> **Exercise aim**
The lines to repeat are those below from the one containing "Ratt JEEP AVENGER" down to the one containing "Air Throttle Body Jeep Cherokee 4,0 Air", both included; reproduce them exactly and nothing else.

Data entries:
*** Begin section ***
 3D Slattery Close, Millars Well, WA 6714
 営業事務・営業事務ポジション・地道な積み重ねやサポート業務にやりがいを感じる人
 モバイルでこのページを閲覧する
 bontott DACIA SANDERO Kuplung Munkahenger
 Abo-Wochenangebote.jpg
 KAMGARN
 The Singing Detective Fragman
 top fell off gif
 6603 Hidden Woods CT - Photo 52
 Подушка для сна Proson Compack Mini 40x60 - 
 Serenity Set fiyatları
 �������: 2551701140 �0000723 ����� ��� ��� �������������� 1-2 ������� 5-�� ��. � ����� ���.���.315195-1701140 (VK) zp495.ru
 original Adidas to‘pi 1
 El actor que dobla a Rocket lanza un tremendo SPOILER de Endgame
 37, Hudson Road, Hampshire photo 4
*** End section ***
*** Begin section ***
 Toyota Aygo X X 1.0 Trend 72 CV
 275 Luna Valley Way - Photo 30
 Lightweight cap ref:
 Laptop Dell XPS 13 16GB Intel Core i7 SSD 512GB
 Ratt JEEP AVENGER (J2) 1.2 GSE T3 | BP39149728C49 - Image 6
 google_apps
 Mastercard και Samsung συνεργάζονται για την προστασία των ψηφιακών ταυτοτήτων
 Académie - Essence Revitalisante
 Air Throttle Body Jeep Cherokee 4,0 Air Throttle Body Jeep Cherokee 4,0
*** End section ***
*** Begin section ***
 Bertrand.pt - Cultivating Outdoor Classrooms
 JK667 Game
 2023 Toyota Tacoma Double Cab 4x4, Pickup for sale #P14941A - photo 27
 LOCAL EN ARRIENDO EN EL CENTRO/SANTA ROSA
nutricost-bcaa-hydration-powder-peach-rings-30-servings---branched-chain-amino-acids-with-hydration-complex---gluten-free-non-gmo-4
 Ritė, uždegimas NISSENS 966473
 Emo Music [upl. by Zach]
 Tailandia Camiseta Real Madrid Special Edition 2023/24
*** End section ***
> **Written reply**
 Ratt JEEP AVENGER (J2) 1.2 GSE T3 | BP39149728C49 - Image 6
 google_apps
 Mastercard και Samsung συνεργάζονται για την προστασία των ψηφιακών ταυτοτήτων
 Académie - Essence Revitalisante
 Air Throttle Body Jeep Cherokee 4,0 Air Throttle Body Jeep Cherokee 4,0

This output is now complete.